Outside of large shareholders like how Musk owns Tesla and sells his stock to fund fascism, buying stock does nothing for companies, ethical or not.

If you buy shares of an ethical green company, none of that money goes to the company. You bought the shares from someone else. It's like buying a used book of Harry Potter. Absolutely no money goes to JK Rowling.

[-] ctrl_alt_esc@lemmy.ml 7 points 1 week ago

Absolutely not true, if everyone collectively decided not to buy these companies' stocks anymore the price would drop and they'd get into financing problems.

[-] Blue_Morpho@lemmy.world 0 points 1 week ago* (last edited 1 week ago)
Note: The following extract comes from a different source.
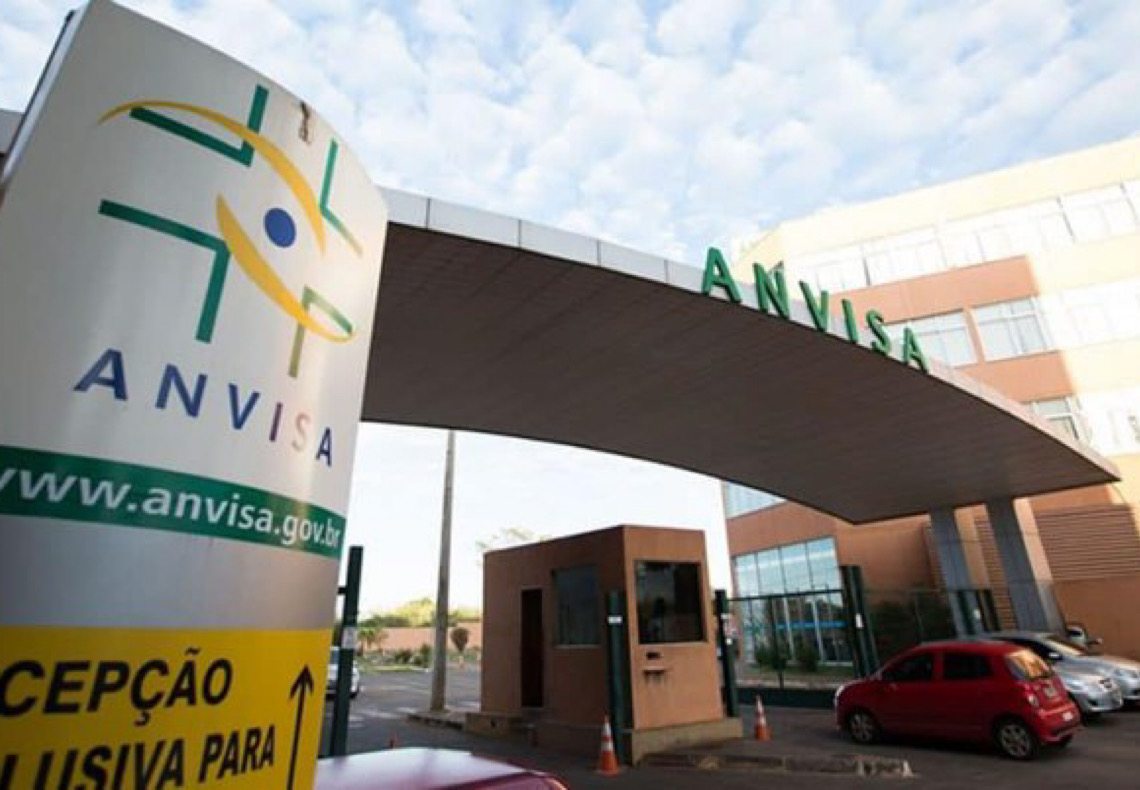 Anvisa libera venda excepcional de álcool 70% líquido devido às enchentes no RS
Dude, that's not how it works at all!
Stock price is a popularity contest that has virtually no basis on the finances of a company.

See Tesla's crazy high price that has no basis on their current or future revenue. But if their stock dropped to 0, they would still be selling cars at a profit and wouldn't go out of business. It wouldn't change anything.
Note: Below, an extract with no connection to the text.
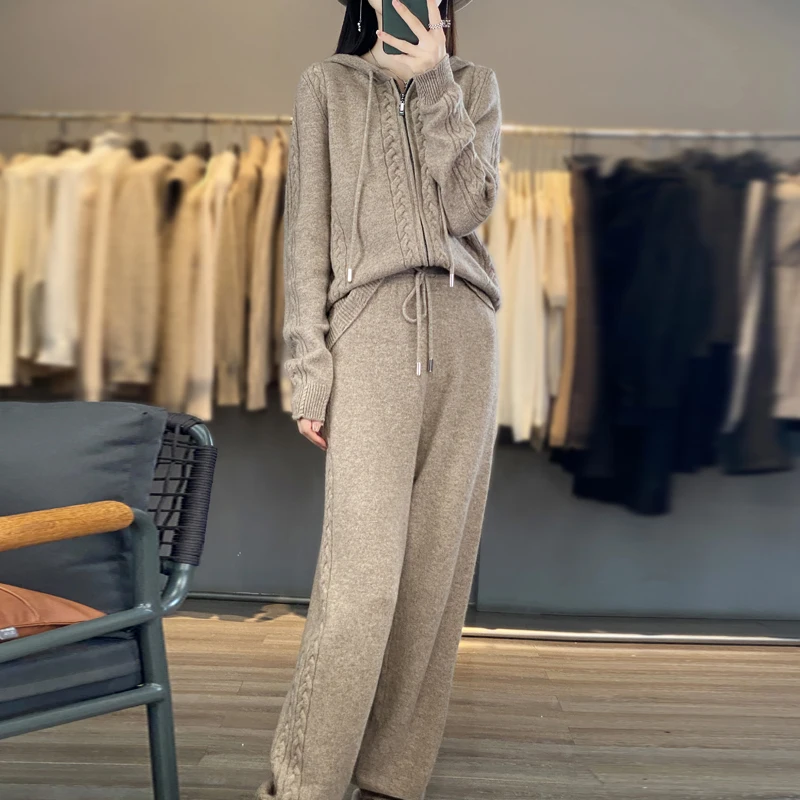 Ensemble 2 pièces pour femme en cachemire pur : cardigan à capuche avec motif floral torsadé, pull ample et pantalon large en mélange de laine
Companies get money from stock at IPO and when they extremely rarely issue new shares. That's it. After IPO, you buying stock doesn't give any money to the company. You are buying it from someone else.

[-] chaospatterns@lemmy.world 1 points 1 week ago

Executives have compensation tied to stock price. If the stock price goes down because nobody wants to invest in a bad company, those executives have incentive to become change their ways.

That compensation incentive is also why executives are so short term thinking nowadays.

The stock market is part popularity contest but it's a lot more complicated than simple statements.

[-] anon6789@lemmy.world 4 points 1 week ago

That seems true. I don't normally think that deep about it since my investment strategy is hands off. I'm really just paying Vanguard and Fidelity to buy bits and pieces of their shares.

I guess I just don't like Elon and his type having anyone's money and I don't like me being able to link myself to them even if it's a few steps removed.